→ **YOUR TASK**: All pictures are to be omitted while the lines starting at the line with "Bright, modern living room decor." and ending at the line with "2555 Collins Ave - Photo Thumbnail 29" in the material below are retyped exactly, both ends included.

→ **EXERCISE INPUT**:

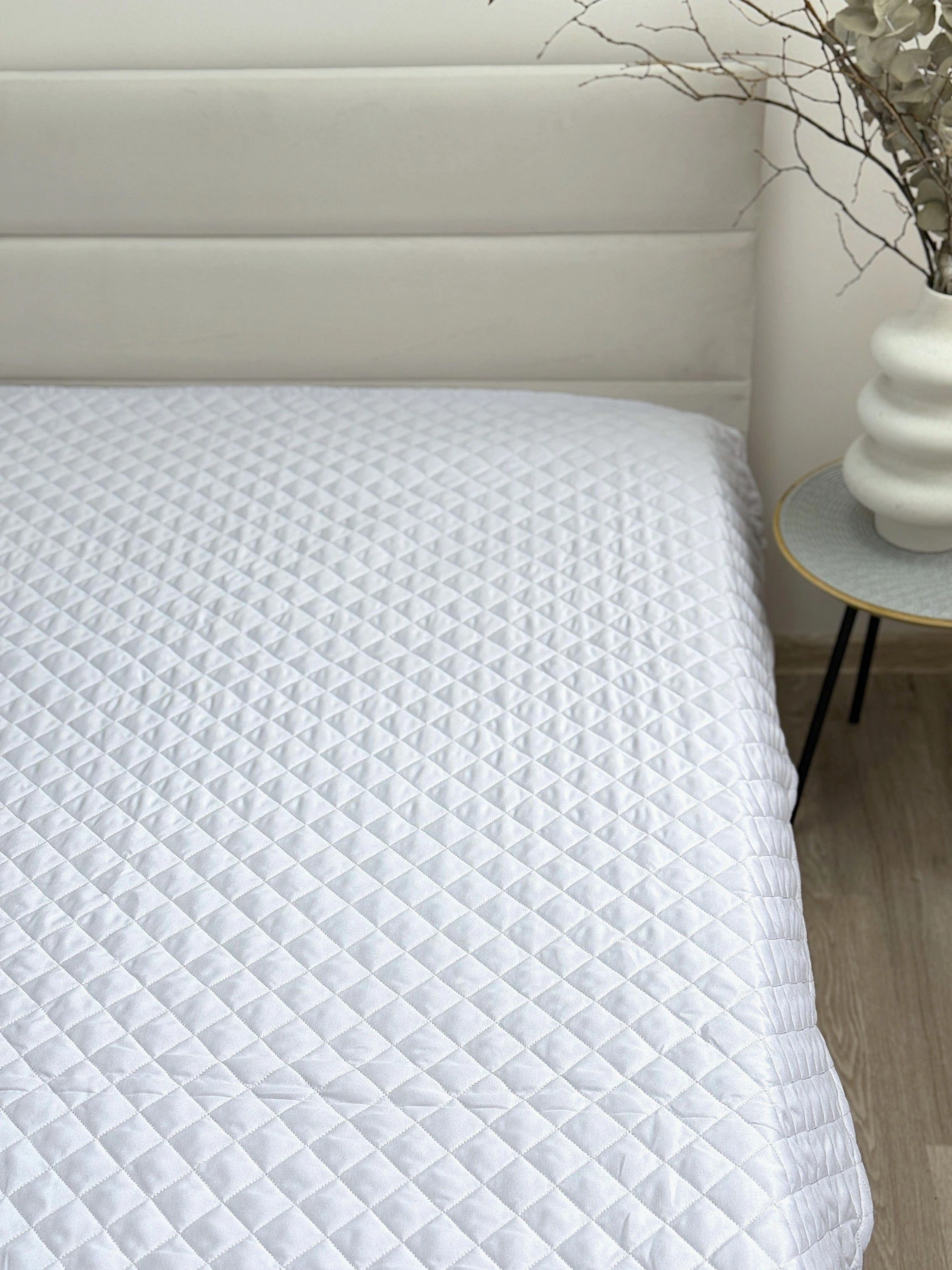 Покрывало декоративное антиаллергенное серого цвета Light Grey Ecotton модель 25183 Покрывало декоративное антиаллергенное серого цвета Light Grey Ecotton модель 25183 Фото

==

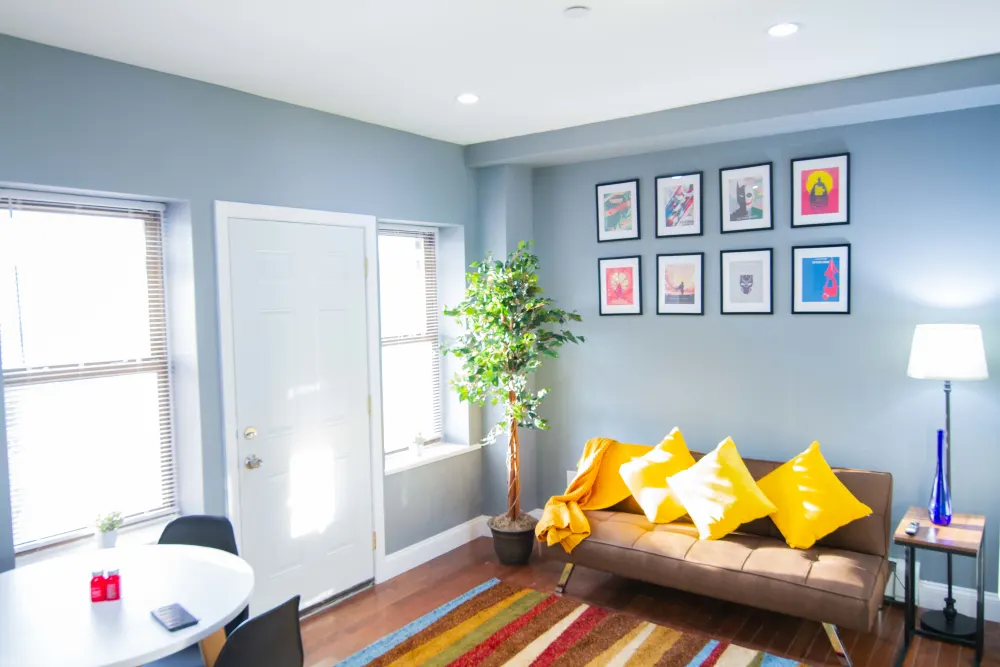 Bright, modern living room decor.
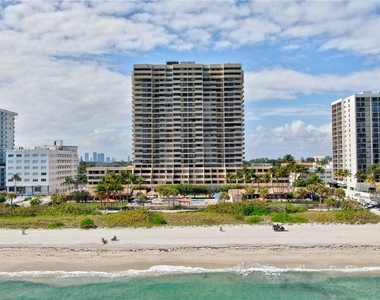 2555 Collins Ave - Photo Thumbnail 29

==

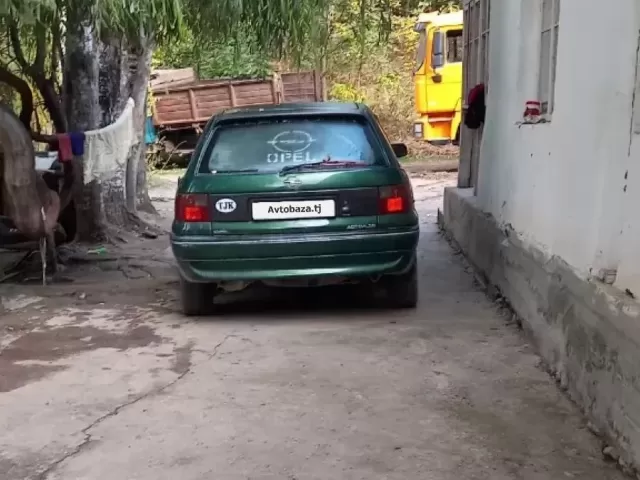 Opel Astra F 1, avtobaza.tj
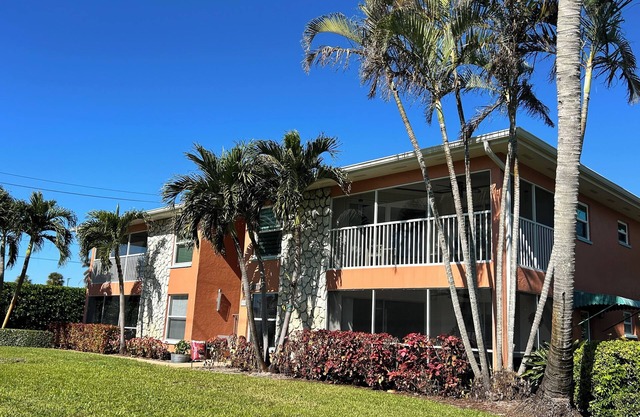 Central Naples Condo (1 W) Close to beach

→ **EXERCISE OUTPUT**:
 Bright, modern living room decor.
 2555 Collins Ave - Photo Thumbnail 29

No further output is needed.